## ABOUT THIS EXERCISE
Please copy out the entries below exactly, beginning with the line that contains "Featured image of" and ending with the line that contains "[upl. by Basilio]", and include nothing outside that span.

## DATA
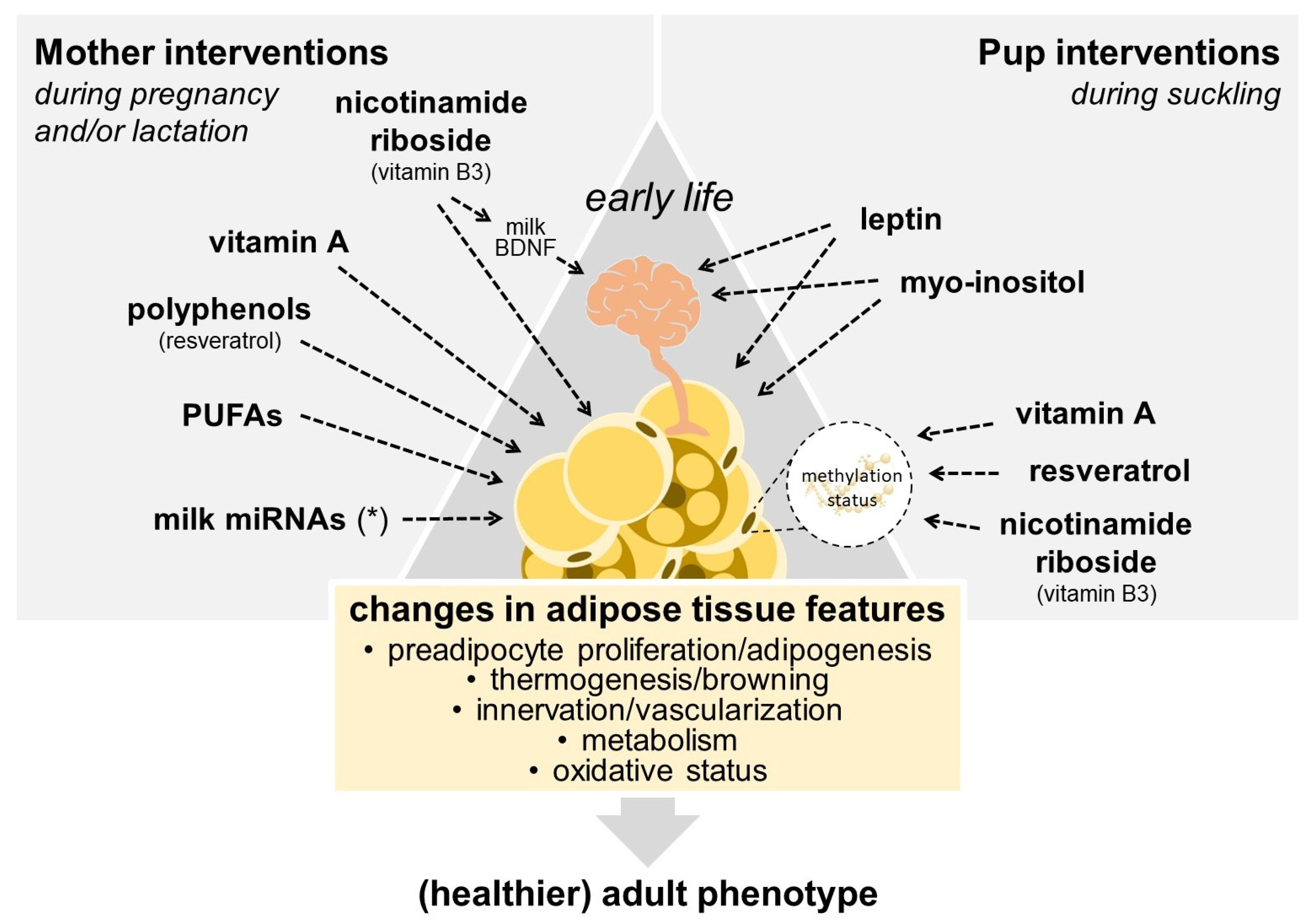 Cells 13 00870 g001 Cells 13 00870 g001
==
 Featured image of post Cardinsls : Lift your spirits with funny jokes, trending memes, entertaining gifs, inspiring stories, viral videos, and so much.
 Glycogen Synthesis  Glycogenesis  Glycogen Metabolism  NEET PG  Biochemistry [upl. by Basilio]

## SOLVED PROBLEM
 Featured image of post Cardinsls : Lift your spirits with funny jokes, trending memes, entertaining gifs, inspiring stories, viral videos, and so much.
 Glycogen Synthesis  Glycogenesis  Glycogen Metabolism  NEET PG  Biochemistry [upl. by Basilio]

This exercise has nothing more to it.